The easiest drawer construction would be to rabbet the sides to accept the front and back. All the machining can be done on the table saw with a single blade. Cut the length of the rabbet first on the sides, i.e., ½" x ¼" deep. If you cut the sides standing up, set up a tall fence support. If not, several passes can be made with just your miter gauge and the side held flat to the table. The sides and front are grooved to accept the bottom. 

The back is cut short to allow the bottom to be slid in. A well fitted bottom will help square the drawer. The bottom can be attached to the underside of the back with fasteners, or screws.

The front and back can be brad nailed (and glued) to the sides . Use an angle to the front and back to shoot the fastener into the sides. That way no fastener will show when assembled.












 







.


----------



## russjohnson (Dec 11, 2010)

I had a recent project that used the same material. I used a locked rabbet joint. Basically a 1/4 x 1/4 rabbet with a dado 1/4" in on the mating piece. Here is an example http://www.woodmagazine.com/woodworking-tips/techniques/joinery/lock-rabbet-drawer-joints/. I found it created flawless 90 deg corners with out much work. Joint can get a little tight when glue is applied so make it not too tight during dry fit.

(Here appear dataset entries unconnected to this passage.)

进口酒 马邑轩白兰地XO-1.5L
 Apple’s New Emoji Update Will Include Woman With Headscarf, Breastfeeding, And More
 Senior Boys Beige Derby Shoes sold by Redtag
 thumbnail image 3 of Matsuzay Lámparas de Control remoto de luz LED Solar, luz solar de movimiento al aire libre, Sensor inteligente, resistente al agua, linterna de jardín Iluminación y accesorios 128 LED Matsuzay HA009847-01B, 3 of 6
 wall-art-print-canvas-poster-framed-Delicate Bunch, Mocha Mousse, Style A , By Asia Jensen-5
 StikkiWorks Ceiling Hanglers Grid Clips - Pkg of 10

I brad nailed them during dry up.


----------



## cabinetman (Jul 5, 2007)

russjohnson said:


> I had a recent project that used the same material. I used a locked rabbet joint. Basically a 1/4 x 1/4 rabbet with a dado 1/4" in on the mating piece. Here is an example http://www.woodmagazine.com/woodworking-tips/techniques/joinery/lock-rabbet-drawer-joints/. I found it created flawless 90 deg corners with out much work. Joint can get a little tight when glue is applied so make it not too tight during dry fit. I brad nailed them during dry up.



That is a strong joint. One drawback for a plywood drawer box is that the plywood edge shows from the side.
.




















 







.


----------



## SteveEl (Sep 7, 2010)

Drawer rabbet joint jig - 4 styles of joints with a single setup
http://www.woodworkingtalk.com/f2/drawer-box-joints-23787/#post189517


----------



## sawdustfactory (Jan 30, 2011)

SInce you're using a false front, I'd make both front and back like the "back of drawer joint" in the photo.


----------



## rrbrown (Feb 15, 2009)

I agree with sawdustfactory. I bought those bits because they looked good and was on sale but haven't use them yet.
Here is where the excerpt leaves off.